Literature: Twas The Night Before Christmas

An 1823 poem by Clement Clarke Moore about a visit from St. Nick. Originally titled and also known as "A Visit from St. Nicholas".

Here it is as read by none other than the trumpet master Louis Armstrong, himself.

The poem contains the following tropes:

  • Adaptation Distillation: The poem crystallizes a number of ideas about St. Nicholas first found in Washington Irving's Knickerbocker History of New York.
  • Big Fun: St. Nicholas has "a broad face, and a little round belly / That shook when he laughed, like a bowl full of jelly."
  • Beam Me Up, Scotty!:
    • "On, Comet! On, Cupid! On, Donner and Blitzen!" Only it isn't—the original poem retained the Dutch names Donder and Blixen, as was suitable to the old Dutch settlers of New York who introduced Santa Claus to America. Later re-printings Retconned the names into their more familiar German forms.
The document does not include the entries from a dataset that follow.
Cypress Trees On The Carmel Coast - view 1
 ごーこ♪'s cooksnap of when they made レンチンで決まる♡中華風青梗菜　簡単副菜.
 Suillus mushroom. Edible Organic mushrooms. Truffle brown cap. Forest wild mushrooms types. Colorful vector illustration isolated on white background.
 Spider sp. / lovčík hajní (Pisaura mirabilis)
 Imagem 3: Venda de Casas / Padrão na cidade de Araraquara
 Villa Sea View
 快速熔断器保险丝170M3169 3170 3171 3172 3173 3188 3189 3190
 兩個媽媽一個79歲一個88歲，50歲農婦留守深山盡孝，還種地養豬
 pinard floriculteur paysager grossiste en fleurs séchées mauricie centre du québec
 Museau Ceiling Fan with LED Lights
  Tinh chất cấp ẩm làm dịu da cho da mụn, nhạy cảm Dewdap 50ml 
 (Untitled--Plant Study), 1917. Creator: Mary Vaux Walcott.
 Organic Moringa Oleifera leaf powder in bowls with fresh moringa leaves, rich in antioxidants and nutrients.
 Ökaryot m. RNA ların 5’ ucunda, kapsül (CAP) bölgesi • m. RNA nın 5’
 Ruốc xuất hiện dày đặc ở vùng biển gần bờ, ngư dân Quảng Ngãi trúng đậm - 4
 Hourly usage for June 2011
However, albeit this was most likely unintentional, the name "Donner" still could retain some significance depending on how you look at it; in French, the verb "donner" means "to give," which is quite faithful to the spirit of Christmas, indeed.
    • The phrase "Happy Christmas to all, and to all a good night!"
  • Christmas Elves: St Nick himself is described as an 'elf' here, making this debatably the Ur-Example.
  • Hollywood Darkness: Played with. "The moon on the crest of the newfallen snow / Gave a lustre of midday to objects below."
  • Santa Claus: You were expecting maybe the Easter Bunny?
  • Smoking Is Cool: "The stump of a pipe he held tight in his teeth / And the smoke, it encircled his head like a wreath." Of course, modern depictions of Santa don't usually smoke.
  • Trope Codifier: As stated above, this little poem etched in stone a lot of the core image we have of Santa Claus.